Families

How to Collect CPP (Canada Pension Plan) Early

Did you know that you can start collecting your Canada Pension Plan (CPP) benefits early? Even if you are still working? While there are drawbacks, changes introduced in 2012 make it easier than even to do so.

Please note that the CPP covers all of Canada, except for the province of Quebec, which has its own pension plan.

CPP Reductions

“Prior to the changes started in 2012, your CPP pension income reduced by one-half percent for each month prior to age 65 for which you received your pension, or 30 percent less if you began your pension at age 60,” says John Pacheco, a senior financial adviser in London, Ontario.

“In 2016 this amount increases to 36 percent.” For example, if you expect your annual CPP pension amount to be $15,000 at age 65 and you retire at 60 in 2019, your annual amount changes to $9,600.

Each CPP pension is based on individual contributions, so your amount may vary. Every month after age 60 that you postpone receiving your CPP pension adds 0.7 percent (as of 2019) back into your pension amount, which can add up to a maximum increase of 42% if you start taking your benefits at age 70 (or later). These percentages will be adjusted over time based on the cost of living measured by the Consumer Price Index.

Other Changes Affecting Early Pensions

You can collect your pension early while continuing to work, starting at age 60.

While you are under age 65, you and your employer continue to contribute to the CPP, and these funds increase your pension amount through the new Post-Retirement Benefit, or PRB, effective at the start of the year following your contributions, creating gradual increases to your pension income.

Between the ages of 65 and 70, CPP contributions are voluntary. Your employer must match your contributions if you opt in, and the PRB works as it does prior to age 65.

How to Apply for the CPP

  • CPP pensions do not start automatically.
  • To apply, you must be at least one month past your 59th birthday to start your pension at age 60.
  • You provide your Social Insurance Number (SIN) and that of your spouse if you are considering pension sharing.
  • Have banking information ready for the account to which you want direct deposits made.

You can have years spent raising children removed from pension calculations, resulting in higher pension payments. To request this, you’ll need the SIN of each child or other proof of birth, as well as the date of entry into Canada, if any children were born outside the country.
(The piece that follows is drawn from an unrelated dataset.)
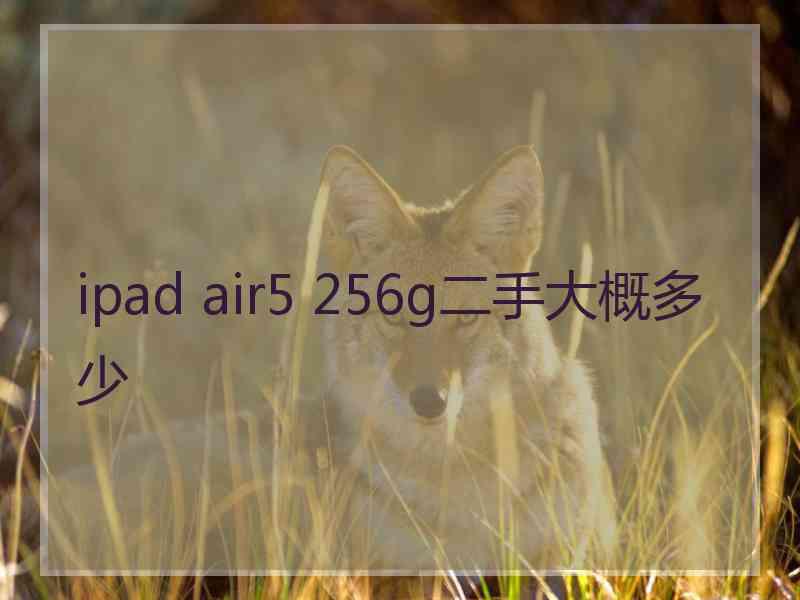 ipad air5 256g二手大概多少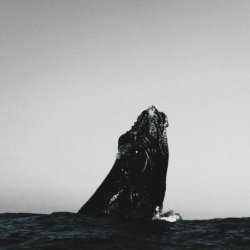 ナース - Floating Whale (2026) [EP]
CPP also allows for years of low earnings to be dropped from pension calculations, years that would have a negative effect on the amount you receive in pension income.

The CPP pension application can be completed online or printed, completed and submitted by mail. Service Canada estimates that your first pension cheque arrives eight weeks after your application is received.

Finding Your CPP Contributions

You can access your CPP contributions through the Service Canada website, or by contacting Service Canada directly for an official statement of contributions. Checking your contributions online requires that you have a My Service Canada Account setup.

Your statement of contributions lists your contributions and pensionable earnings for each year since you turned 18 years old. Note that not all years will be used when calculating your pension.